# Die filer overload



## 682bear (Jul 29, 2020)

Yesterday I picked up a crate with 3 die filing machines in it... it was a craigslist find.

One is an Ideal Duplex machine... it needs cleaning and the on/off switch is a little wonky, but it seems to work smoothly. I'll have to play with it and see if I can figure out how to work everything on it.




The other 2 are both Illinois Tool Works filers... they are both complete machines, one runs smoothly, the other has a motor issue that I have determined to be a faulty centrifugal switch.

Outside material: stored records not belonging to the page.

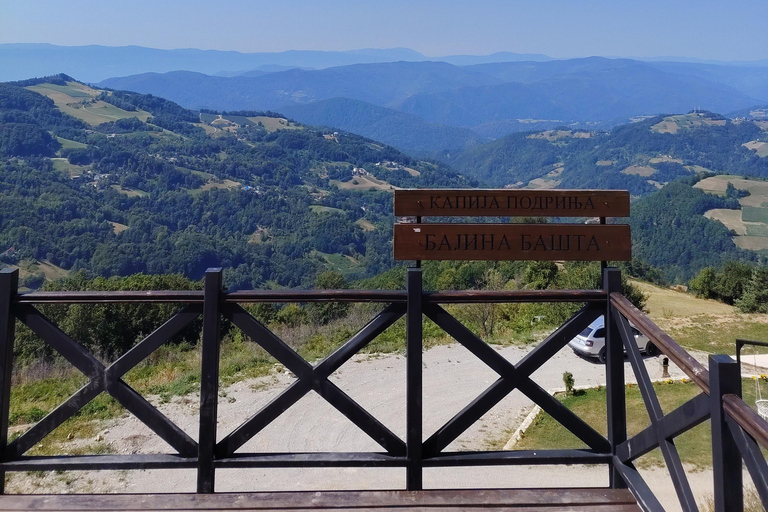 From Belgrade Private Tour: Drina River, Tara, Skywalk view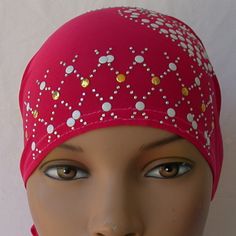 1 Piece Tie Back Turban Hijab Undercap Bonnet It Has A Small Piece Of Elastic In The Back To Keep Fitted On Your Head This Is A Tie Back Cap So You Can Tie It Or Tuck The Tails Into The Cap Holds Hair In Place And Helps Prevent Scarf From Slipping Also Protects Your Hair From Being Pulled By Slipping Scarves Which Create Hair Loss Super Smooth You Can Not Feel The Embellishments On The Cap From The Inside Brand New Never Worn Bundle Your Order 3+ Items Get 20% Discounts Pet Free And Smoke Free H Adjustable Hats For Sports Events, Adjustable Sports Beanie Hat, Hijab Undercap, Turban Hijab, Summer Cap, Hat Accessories, Fashion Cap, Muslim Hijab, Hat Summer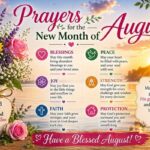 Prayers for the New Month of August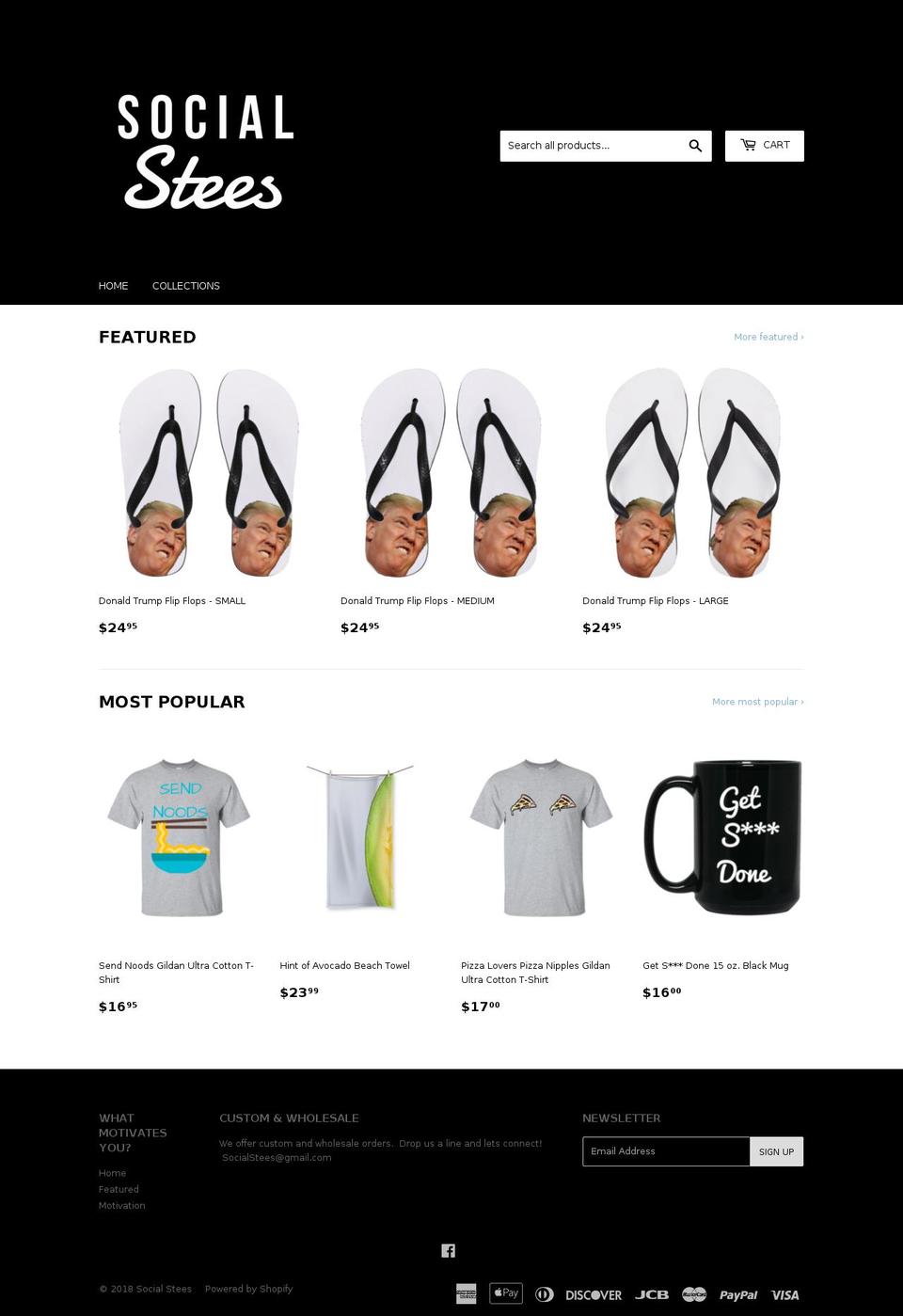 socialstees.com shopify website screenshot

All 3 need cleaning up badly... they were all owned by a tool and die shop in northeastern Ohio (I bought them from the shop)... I was told that they were last used in the mid- 1980s and have been stored in a barn since.

-Bear


----------



## 682bear (Jul 29, 2020)

The shop that I bought these from still had the paperwork on file from when they first purchased the Ideal machine new. They gave me the file... I thought someone here might find this interesting.
	

		
			
		

		
	















-Bear


----------



## francist (Jul 29, 2020)

Wow, very cool! Machine plus original paperwork doesn’t come around every day. What a great find 

-frank


----------



## Winegrower (Jul 29, 2020)

That is a terrific find.   I love my Butterfly die filer.


----------



## benmychree (Jul 29, 2020)

I like your Hendy lathe more ----


----------



## matthewsx (Jul 30, 2020)

Nice, I haven't used my die filer much since I fixed it up but I know it will come in handy.

John


----------



## craniac (Jul 30, 2020)

I love my die filer, not that its the *most* useful machine, just because. Maybe they're making a comeback- like shapers.

Tim


----------



## JRaut (Jul 30, 2020)

Super cool, I'd be happy to take one off your hands if you don't need all 3!


----------



## 682bear (Jul 30, 2020)

JRaut said:


> Super cool, I'd be happy to take one off your hands if you don't need all 3!




I may have one for sale eventually... I'm still in the process of evaluating everything and seeing what works or doesn't work... where are you located?

-Bear


----------



## Cr23484 (Aug 4, 2020)

Nice find !
Love my two die filers, butterfly and all american. 
Made some stone holders in different grits.


----------